Brown or Black Mucus

Dark brown or black mucus is uncommon and usually tied to environmental exposure rather than a typical infection. Heavy smoking is the most frequent cause, as inhaled tar and particulate matter collect in the airways. People exposed to coal dust, wildfire smoke, or heavy indoor wood burning can also produce dark sputum as their lungs work to clear those particles.

In rare cases, a black yeast called Exophiala dermatitidis causes dark sputum, primarily in people with cystic fibrosis. If you’re producing black mucus and haven’t been exposed to smoke or dust, it’s worth getting checked.

Why Color Alone Isn’t Enough

Research published in Clinical Microbiology and Infection found that sputum color, even when assessed by a trained clinician rather than self-reported, had a specificity of only 52% for detecting bacterial presence. Self-reported color performed even worse at 39%. In practical terms, this means relying on mucus color would lead to unnecessary antibiotic prescriptions roughly half the time.

Doctors instead look at a combination of factors.

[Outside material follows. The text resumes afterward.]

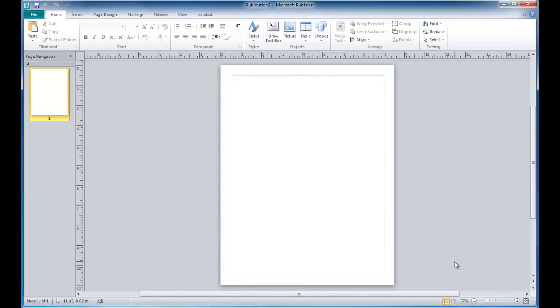Hi, this is Thomas LeFoe from the Instructional Media Center, and in this tutorial we'll be looking at how to create conference poster sessions in Microsoft Publisher.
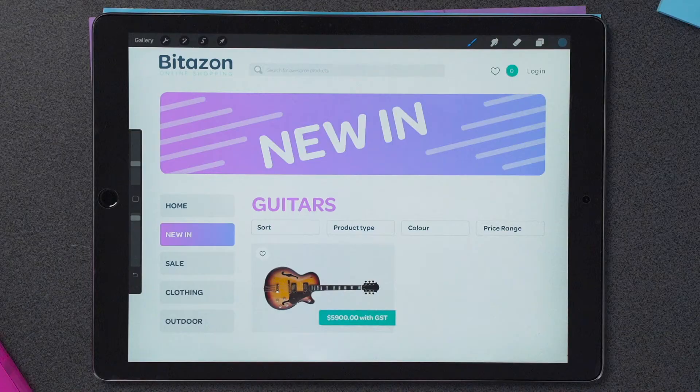Hey guys, Mr V here. Now I'm in the market for a guitar and I've been searching on Bitazon. I came across this sweet one right here which costs $5,900 including GST. But I wonder how much it cost before the GST was added. Let's work it out.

For sinus infections, the standard criteria include symptoms lasting at least 10 days without improvement, or a biphasic pattern where initial improvement is followed by worsening around day 5 or 6. High fever above 102°F lasting more than 24 hours can also prompt further evaluation. Green mucus on day 5 of a cold, by contrast, is the immune system doing exactly what it should.

What a Normal Cold Timeline Looks Like

Knowing the typical progression helps you calibrate when to worry. Days 1 through 3 bring sore throat, body aches, fatigue, and possibly a low fever, with mucus that’s usually clear or white. Days 4 through 7 are when symptoms peak: nasal congestion worsens and mucus commonly turns yellow or green. A cough may develop during this window.

After day 7, most symptoms start improving, though a cough can linger for a few weeks and nasal symptoms may take up to two weeks to fully clear. If your mucus color is following this arc, even if it looks alarming at its greenest, you’re likely on a normal recovery track.

Symptoms That Matter More Than Color

Rather than fixating on the shade of your mucus, pay attention to the warning signs that suggest something beyond a routine viral infection:

  • Fever above 103°F (40°C)
  • Difficulty breathing or noisy breathing like wheezing
  • Chest pain when breathing or coughing
  • Confusion or sudden mental changes
  • Symptoms worsening after initial improvement (the double-sickening pattern)
  • No improvement at all after 10 days

Any of these, with or without green mucus, signals that your body may need more help than rest and fluids can provide. The color of your mucus is one piece of information, but it’s the least reliable piece compared to how long you’ve been sick, which direction your symptoms are trending, and how you feel overall.